**Task details:** Please transcribe exactly the lines from the one containing "Here's the data" through the end of the records below, both included, and nothing else.

++++++++

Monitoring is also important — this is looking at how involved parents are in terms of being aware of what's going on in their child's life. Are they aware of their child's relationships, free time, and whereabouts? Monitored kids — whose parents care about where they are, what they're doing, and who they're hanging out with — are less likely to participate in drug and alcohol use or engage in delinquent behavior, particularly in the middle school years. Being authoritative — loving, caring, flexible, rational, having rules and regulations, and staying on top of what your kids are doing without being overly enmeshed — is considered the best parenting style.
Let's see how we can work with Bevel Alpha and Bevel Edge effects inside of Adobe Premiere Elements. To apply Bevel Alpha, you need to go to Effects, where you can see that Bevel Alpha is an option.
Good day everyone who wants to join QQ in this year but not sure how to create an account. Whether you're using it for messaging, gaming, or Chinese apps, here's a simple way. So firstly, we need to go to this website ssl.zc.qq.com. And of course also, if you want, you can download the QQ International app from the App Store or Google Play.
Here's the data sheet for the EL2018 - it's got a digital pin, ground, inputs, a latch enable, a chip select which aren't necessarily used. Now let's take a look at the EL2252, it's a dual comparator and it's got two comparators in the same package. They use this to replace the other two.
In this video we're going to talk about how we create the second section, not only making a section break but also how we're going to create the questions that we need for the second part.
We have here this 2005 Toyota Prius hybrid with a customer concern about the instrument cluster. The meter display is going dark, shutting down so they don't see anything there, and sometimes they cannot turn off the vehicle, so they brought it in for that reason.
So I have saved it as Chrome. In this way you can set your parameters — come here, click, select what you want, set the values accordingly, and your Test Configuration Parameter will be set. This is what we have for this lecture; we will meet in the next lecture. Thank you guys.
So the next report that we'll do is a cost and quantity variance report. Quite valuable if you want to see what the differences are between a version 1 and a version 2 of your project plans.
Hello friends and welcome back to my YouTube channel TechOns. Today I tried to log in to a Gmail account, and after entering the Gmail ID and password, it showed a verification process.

++++++++

**Reply:**
Here's the data sheet for the EL2018 - it's got a digital pin, ground, inputs, a latch enable, a chip select which aren't necessarily used. Now let's take a look at the EL2252, it's a dual comparator and it's got two comparators in the same package. They use this to replace the other two.
In this video we're going to talk about how we create the second section, not only making a section break but also how we're going to create the questions that we need for the second part.
We have here this 2005 Toyota Prius hybrid with a customer concern about the instrument cluster. The meter display is going dark, shutting down so they don't see anything there, and sometimes they cannot turn off the vehicle, so they brought it in for that reason.
So I have saved it as Chrome. In this way you can set your parameters — come here, click, select what you want, set the values accordingly, and your Test Configuration Parameter will be set. This is what we have for this lecture; we will meet in the next lecture. Thank you guys.
So the next report that we'll do is a cost and quantity variance report. Quite valuable if you want to see what the differences are between a version 1 and a version 2 of your project plans.
Hello friends and welcome back to my YouTube channel TechOns. Today I tried to log in to a Gmail account, and after entering the Gmail ID and password, it showed a verification process.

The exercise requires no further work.